‘Out-of-the box’ tracing helps Baguio contain COVID-19 spread
BAGUIO CITY, Benguet, Philippines — Computer-aided contact tracing and information gathered by police and medical investigators are helping the city stem the local transmission of the new coronavirus disease (COVID-19).
As of Tuesday, no new patients had been added to the 32 COVID-19 cases recorded in the city since the pandemic was declared in March.
But the city’s epidemiological team knew the location of 29 patients who beat the disease as well as those suspected of having been infected with the virus.
Information about their whereabouts, their public activities and the profile and number of their neighbors was collected in an electronic tracking system, called “EndCov-19,” to help experts predict the possible transmission behavior of the disease in the city.
“Contact tracing is like investigating. The result of contact-tracing depends on the quality of information gathered and capacity of the contact-tracing team,” said Mayor Benjamin Magalong, a former chief of the police’s Criminal Investigation and Detection Group.
He outlined the city’s COVID-19 tracking methodology during a virtual briefing in Malacañang on Tuesday.
In March, Magalong sent personnel of the city health services office to look for people who had interacted with suspected infection cases.
It skirted a Department of Health (DOH) protocol of deploying contact tracing teams only after laboratory evidence of transmission had been established.
“Speed is a factor, every second matters,” Magalong said.
“Contact tracing is about speeding up containment,” Dr. Donnabel Tubera-Panes, head of the epidemiological team, said. “When tied with testing and the quick release of results, it is the cheapest way of preventing COVID-19.”
A key element in this “out-of-the-box” tracking system was the integration of policemen into the epidemiological team. They were helped by village health center personnel, data analysts and even volunteer firemen who served as data encoders.
Led by Lt. Col. Max Sumegang, 22 police officers were tapped to help patients remember their activities before they were tested for the virus.
“Recalling where you had been or who you met as far back as 10 days would be difficult. People we interviewed often had ready details about where they went a day before, Sumegang said.

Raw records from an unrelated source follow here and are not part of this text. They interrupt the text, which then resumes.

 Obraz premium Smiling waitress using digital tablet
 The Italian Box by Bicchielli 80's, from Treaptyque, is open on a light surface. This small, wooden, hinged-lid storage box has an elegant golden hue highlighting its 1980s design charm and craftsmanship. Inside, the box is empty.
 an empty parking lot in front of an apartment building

“But the effectiveness of tracking down people who may have contracted the disease from a patient relies on accurate information,” he said.
He added: “They tire from each interview so we let them sleep it over. We interview them again when their minds are less stressed.”

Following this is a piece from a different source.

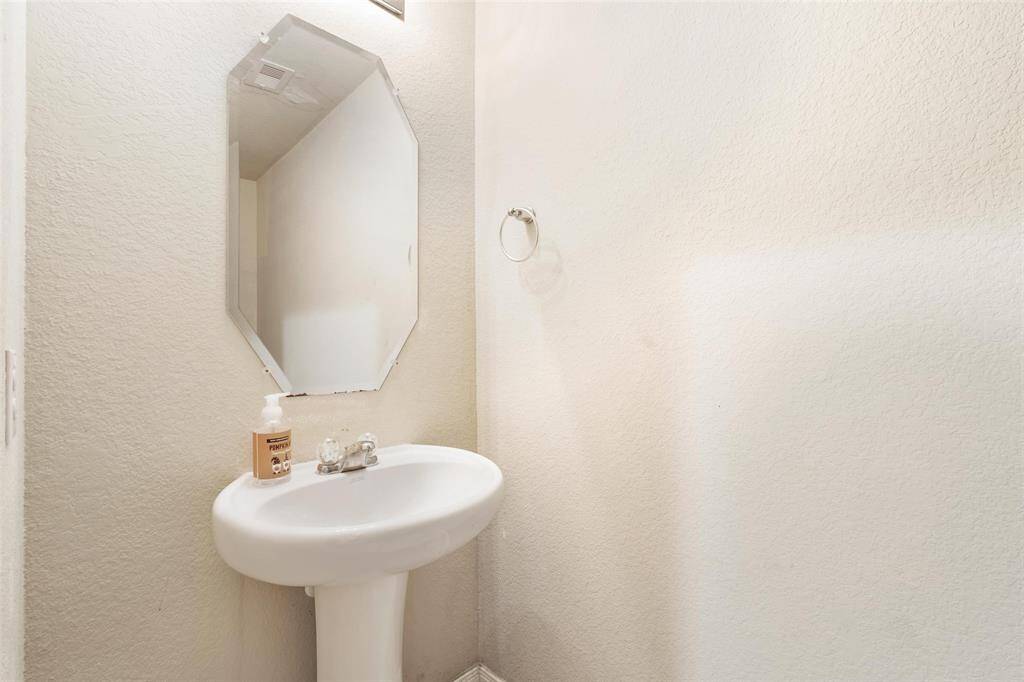 Convenient main-level half bath featuring a pedestal sink, wall-mounted mirror, and neutral tones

According to Sumegang, verifying all details they obtained and requiring policemen or health workers to examine the places a COVID-19 patient last visited extend the tracking process to several days.

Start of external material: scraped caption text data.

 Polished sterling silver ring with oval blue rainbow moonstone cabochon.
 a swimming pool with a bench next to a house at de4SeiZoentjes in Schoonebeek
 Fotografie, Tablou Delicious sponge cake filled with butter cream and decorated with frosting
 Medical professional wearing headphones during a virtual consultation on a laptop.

The EndCov-19 system (accessible through www.endcov19.baguio.gov.ph.) is constantly updated with “real-time information, through a collaboration of the police, the city’s management information and technical division and medical staff,” he said.
Sumegang said “good data” has helped doctors draw a picture of the level of local infection. For instance, the average age of people who caught the disease here is 46. All 32 cases involved patients as young as 8 days old and as old as 77 years.
According to a profile of COVID-19 cases in the city, 63 percent of patients suffered from “preexisting” medical conditions. It said 43 percent of patients were exposed to the disease at health facilities while 37 percent had traveled from Metro Manila and 10 percent from abroad.
A government employee is the only Baguio fatality attributed to the virus. She died before her infection was confirmed by the DOH.